Natural populations of C. elegans are polymorphic for the ability of males to deposit a copulatory plug after mating. Plugs have a mate-guarding function in this species (Barker 1994, Animal Behaviour 48:147), and the polymorphism is due to allelic variation at the
plg-1 locus (Hodgkin and Doniach 1997, Genetics 146:149). We hypothesized that the polymorphism is caused by a loss-of-function mutation because (1) plugging is likely to be ancestral, since plugs have been observed in other Caenorhabditis species; (2) the plugging allele is dominant; and (3) males are rare in natural populations, so a mate-guarding function is probably dispensable. To test this hypothesis, we have identified the molecular basis for the
plg-1 polymorphism. We narrowed the location of
plg-1 to a 76-kb interval using a combination of recombination and physical-mapping experiments. We then discovered that natural populations of C. elegans are polymorphic for the presence of a retrotransposon insertion (Cer-1) within this genomic interval. Interestingly, this retrotransposon is inserted within genomic sequence that is predicted to code for a mucin-like protein. Furthermore, the insertion is present in all of 45 non-plugging isolates, but absent in all of 92 plugging isolates that we tested. RT-PCR experiments showed that the mucin-like gene is transcribed in adult males, but not in adult hermaphrodites, of plugging strains.
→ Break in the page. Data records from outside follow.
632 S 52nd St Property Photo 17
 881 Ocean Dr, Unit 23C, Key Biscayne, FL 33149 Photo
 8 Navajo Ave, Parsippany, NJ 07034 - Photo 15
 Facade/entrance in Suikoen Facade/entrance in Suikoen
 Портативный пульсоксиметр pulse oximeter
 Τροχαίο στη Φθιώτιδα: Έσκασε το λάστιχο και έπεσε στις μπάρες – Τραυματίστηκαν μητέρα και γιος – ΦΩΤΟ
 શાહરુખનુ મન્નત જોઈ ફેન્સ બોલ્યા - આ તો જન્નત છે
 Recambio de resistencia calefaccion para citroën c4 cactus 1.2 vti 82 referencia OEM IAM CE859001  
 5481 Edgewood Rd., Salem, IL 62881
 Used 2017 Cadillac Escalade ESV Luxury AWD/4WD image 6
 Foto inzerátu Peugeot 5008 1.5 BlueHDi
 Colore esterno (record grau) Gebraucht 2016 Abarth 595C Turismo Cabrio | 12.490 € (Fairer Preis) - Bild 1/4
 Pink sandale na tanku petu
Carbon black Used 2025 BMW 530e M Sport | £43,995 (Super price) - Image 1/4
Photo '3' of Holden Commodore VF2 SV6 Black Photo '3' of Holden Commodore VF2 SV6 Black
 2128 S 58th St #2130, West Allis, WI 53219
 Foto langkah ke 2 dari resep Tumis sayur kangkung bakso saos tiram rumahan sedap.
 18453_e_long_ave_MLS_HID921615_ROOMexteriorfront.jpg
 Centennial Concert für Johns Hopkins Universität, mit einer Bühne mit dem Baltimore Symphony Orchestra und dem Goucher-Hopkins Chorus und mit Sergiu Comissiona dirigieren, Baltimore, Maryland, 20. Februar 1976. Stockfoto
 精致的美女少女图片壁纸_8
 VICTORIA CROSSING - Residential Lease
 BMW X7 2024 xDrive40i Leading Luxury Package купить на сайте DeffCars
In contrast, the transcript was not observed in non-plugging strains, suggesting that the retrotransposon blocks transcription of the mucin-like protein. The results of RNAi knockdown and transgenic rescue experiments confirmed the identity of the mucin-like protein as the
plg-1 gene. The
plg-1 polymorphism is caused by a naturally segregating retrotransposon insertion that disrupts production of a structural component of the copulatory plug.